Agent Name Service (ANS) in Action

A DNS-like Trust Layer for Secure, Scalable AI-Agent Deployments on Kubernetes

Akshay Mittal
PhD Researcher • IEEE Senior Member
MLOps World | GenAI Summit 2025 • Austin, Texas

Note: Good morning everyone! I'm excited to be here at MLOps World in Austin - my home city. I'm Akshay Mittal, an IEEE Senior Member and PhD researcher focusing on cloud-native AI security. Today I'll be presenting key results from my ongoing dissertation research on solving the critical gap in agent trust infrastructure for AI systems.

FROM MODELS TO AUTONOMOUS AGENTS

Traditional ML Pipeline:


Data → Train → Deploy → Monitor
👤 Human-supervised at every step

Agentic AI Reality:


🤖 Concept Drift Detection Agent → 🤖 Auto-Retraining Agent
→ 🤖 Deployment Agent → 🤖 Monitoring Agent

The Challenge: Who are these agents? Can we trust them?

Note: We're witnessing a fundamental shift in how we architect MLOps workflows. My research focuses on the agentic transition—where autonomous systems manage entire lifecycles and coordinate amongst themselves. But when orchestration is agent-driven, a new trust gap emerges: how do we securely identify, discover, and authorize these agents?

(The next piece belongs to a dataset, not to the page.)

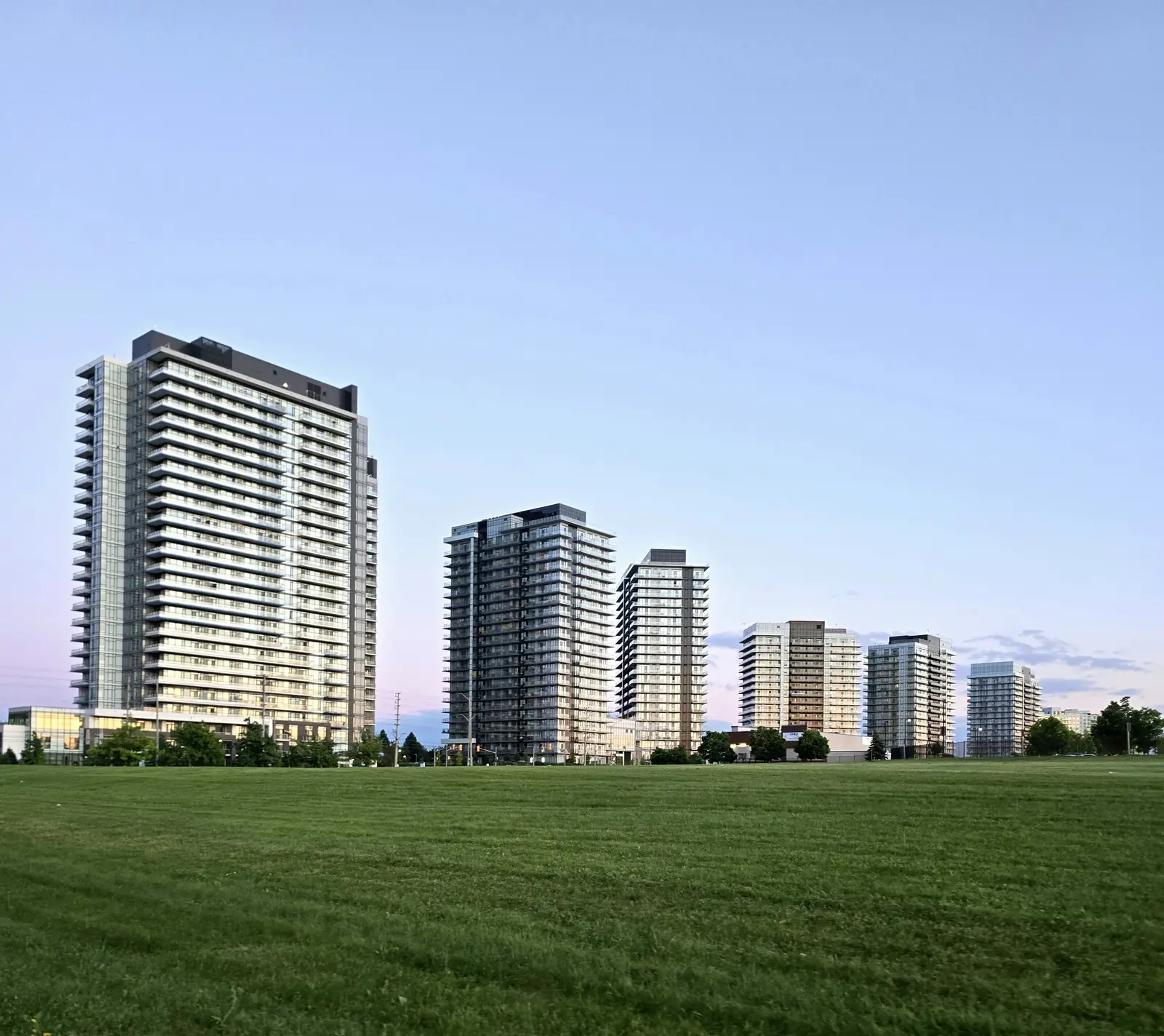 Residential towers and park view in Mississauga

THE TRUST PROBLEM IN AGENT ECOSYSTEMS

Current Reality:

  • ❌ No uniform mechanism to discover AI agents
  • ❌ Lack of cryptographic authentication between agents
  • ❌ Missing capability verification and governance
  • ❌ Security gaps in agent-to-agent communication

At global scale: 1 compromised agent = cascading failures

Note: My dissertation work has quantified how trust breakdowns trigger cascading failures in cloud-native environments. Existing identity solutions don't solve autonomous workflows where systems spawn and destroy agents dynamically. We need an agent-native, cryptographically verifiable trust layer.

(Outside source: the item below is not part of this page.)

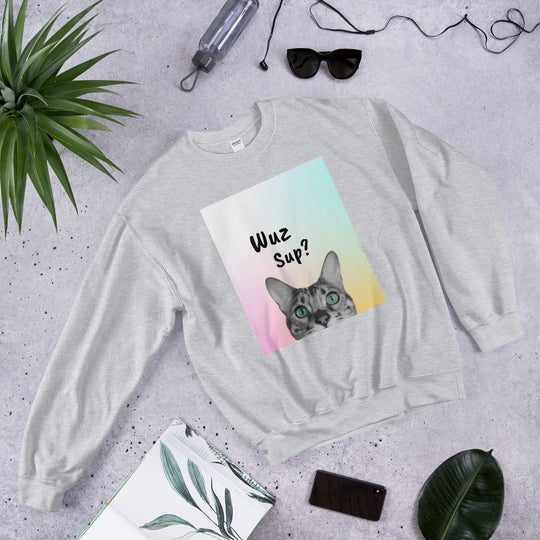 Wuz Sup Cat Sweatshirt - Funny Cat Unisex Sweatshirt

DNS vs ANS - The Missing Trust Layer

--

DNS (1987)

Domain Names → IP Addresses

  • ✓ Hierarchical naming
  • ✓ Distributed resolution
  • ✗ No capability verification
  • ✗ No cryptographic trust

--

ANS (2025)

Agent Names → Verified Capabilities + Trust

  • ✓ DNS-inspired hierarchy
  • ✓ Distributed resolution
  • ✓ Capability verification
  • ✓ PKI-based cryptographic trust

Note: DNS solved internet scalability by managing names; ANS solves agent ecosystem scalability by managing trust. The difference: ANS adds cryptographic verification, capability attestation, and governance support for agents.

ANS PROTOCOL DESIGN

Naming Convention:


protocol://AgentID.Capability.Provider.v[Version].Extension

Real Examples:


a2a://alerter.security-monitoring.research-lab.v2.prod
mcp://validator.concept-drift-detection.ml-platform.v1.hipaa
acp://remediator.helm-deployment-fix.devsecops-team.v3.staging

Benefits:

  • Self-describing agent capabilities
  • Version-aware routing
  • Provider trust verification
  • Environment-specific deployment

Note: ANS borrows DNS hierarchy but adds semantic meaning. Each component tells us something critical: what protocol, what the agent does, who provides it, what version, and what environment. This enables intelligent routing - agents can discover exactly what they need.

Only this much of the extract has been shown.